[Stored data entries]
________________________

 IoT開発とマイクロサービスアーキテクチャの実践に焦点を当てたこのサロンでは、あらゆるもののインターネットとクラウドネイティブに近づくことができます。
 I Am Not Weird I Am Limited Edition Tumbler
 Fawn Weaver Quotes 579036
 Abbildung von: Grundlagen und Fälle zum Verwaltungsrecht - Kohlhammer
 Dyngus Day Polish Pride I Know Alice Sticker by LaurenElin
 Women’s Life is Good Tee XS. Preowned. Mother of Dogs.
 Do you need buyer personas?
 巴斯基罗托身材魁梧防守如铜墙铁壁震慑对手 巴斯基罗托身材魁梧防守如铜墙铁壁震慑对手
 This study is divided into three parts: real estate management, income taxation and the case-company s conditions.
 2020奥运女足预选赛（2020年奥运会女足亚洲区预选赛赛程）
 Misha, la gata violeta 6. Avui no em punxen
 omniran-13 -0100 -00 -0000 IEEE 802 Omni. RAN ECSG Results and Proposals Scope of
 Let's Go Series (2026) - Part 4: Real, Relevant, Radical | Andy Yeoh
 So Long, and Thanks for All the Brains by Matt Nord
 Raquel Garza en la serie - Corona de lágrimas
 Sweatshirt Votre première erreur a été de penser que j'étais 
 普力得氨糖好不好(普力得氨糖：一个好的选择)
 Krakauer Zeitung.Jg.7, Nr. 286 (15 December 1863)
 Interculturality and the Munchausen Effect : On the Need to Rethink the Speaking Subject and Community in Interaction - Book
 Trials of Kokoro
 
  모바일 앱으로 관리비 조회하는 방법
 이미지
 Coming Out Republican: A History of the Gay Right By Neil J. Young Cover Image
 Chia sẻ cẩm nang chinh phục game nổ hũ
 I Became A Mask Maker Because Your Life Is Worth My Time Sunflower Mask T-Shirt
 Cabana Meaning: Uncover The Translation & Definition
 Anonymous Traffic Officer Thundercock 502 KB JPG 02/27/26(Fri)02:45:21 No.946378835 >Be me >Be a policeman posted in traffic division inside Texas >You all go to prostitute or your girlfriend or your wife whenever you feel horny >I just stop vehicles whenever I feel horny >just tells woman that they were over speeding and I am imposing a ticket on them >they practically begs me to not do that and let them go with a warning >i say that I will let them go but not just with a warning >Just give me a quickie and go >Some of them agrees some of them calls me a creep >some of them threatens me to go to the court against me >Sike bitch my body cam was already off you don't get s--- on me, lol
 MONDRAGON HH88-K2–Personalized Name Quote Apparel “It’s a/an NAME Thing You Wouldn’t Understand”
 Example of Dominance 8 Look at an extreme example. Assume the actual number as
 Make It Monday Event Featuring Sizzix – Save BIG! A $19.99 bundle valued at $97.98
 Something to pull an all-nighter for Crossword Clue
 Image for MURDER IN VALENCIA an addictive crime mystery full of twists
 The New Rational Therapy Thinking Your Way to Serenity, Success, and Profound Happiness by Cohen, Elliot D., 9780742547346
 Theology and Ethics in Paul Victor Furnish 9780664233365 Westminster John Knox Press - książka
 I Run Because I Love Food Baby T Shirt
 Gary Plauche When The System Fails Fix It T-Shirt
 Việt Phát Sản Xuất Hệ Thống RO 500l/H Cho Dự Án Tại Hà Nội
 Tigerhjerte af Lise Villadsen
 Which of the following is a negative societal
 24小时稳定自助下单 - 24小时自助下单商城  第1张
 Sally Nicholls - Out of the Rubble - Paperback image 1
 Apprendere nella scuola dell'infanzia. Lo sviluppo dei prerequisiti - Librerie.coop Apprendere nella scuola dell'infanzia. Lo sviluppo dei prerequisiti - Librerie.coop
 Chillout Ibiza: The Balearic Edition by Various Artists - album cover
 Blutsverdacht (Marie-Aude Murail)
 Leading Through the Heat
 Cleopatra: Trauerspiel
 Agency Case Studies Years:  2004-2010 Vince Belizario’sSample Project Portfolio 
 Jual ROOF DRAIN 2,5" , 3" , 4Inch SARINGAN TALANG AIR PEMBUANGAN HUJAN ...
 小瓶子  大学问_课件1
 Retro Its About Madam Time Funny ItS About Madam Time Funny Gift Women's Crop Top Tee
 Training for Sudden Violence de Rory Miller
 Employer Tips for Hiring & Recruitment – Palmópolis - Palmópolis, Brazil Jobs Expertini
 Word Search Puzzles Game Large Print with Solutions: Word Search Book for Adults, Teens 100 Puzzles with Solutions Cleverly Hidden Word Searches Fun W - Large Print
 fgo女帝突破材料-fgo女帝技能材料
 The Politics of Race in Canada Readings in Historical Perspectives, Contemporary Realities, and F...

________________________

- Task requirements: From the data above, gather every line that includes the word "Edition".

- Task result:
 I Am Not Weird I Am Limited Edition Tumbler
 Chillout Ibiza: The Balearic Edition by Various Artists - album cover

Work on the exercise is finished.